**YOUR ASSIGNMENT**
The data should be duplicated exactly, with every word kept as it is.

**DATA EXTRACT**
┄┄┄┄┄┄

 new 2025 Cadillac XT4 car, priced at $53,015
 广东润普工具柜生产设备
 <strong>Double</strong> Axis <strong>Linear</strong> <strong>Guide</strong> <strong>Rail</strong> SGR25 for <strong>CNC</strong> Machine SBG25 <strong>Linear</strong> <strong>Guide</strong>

┄┄┄┄┄┄

**THE ANSWER**
 new 2025 Cadillac XT4 car, priced at $53,015
 广东润普工具柜生产设备
 <strong>Double</strong> Axis <strong>Linear</strong> <strong>Guide</strong> <strong>Rail</strong> SGR25 for <strong>CNC</strong> Machine SBG25 <strong>Linear</strong> <strong>Guide</strong>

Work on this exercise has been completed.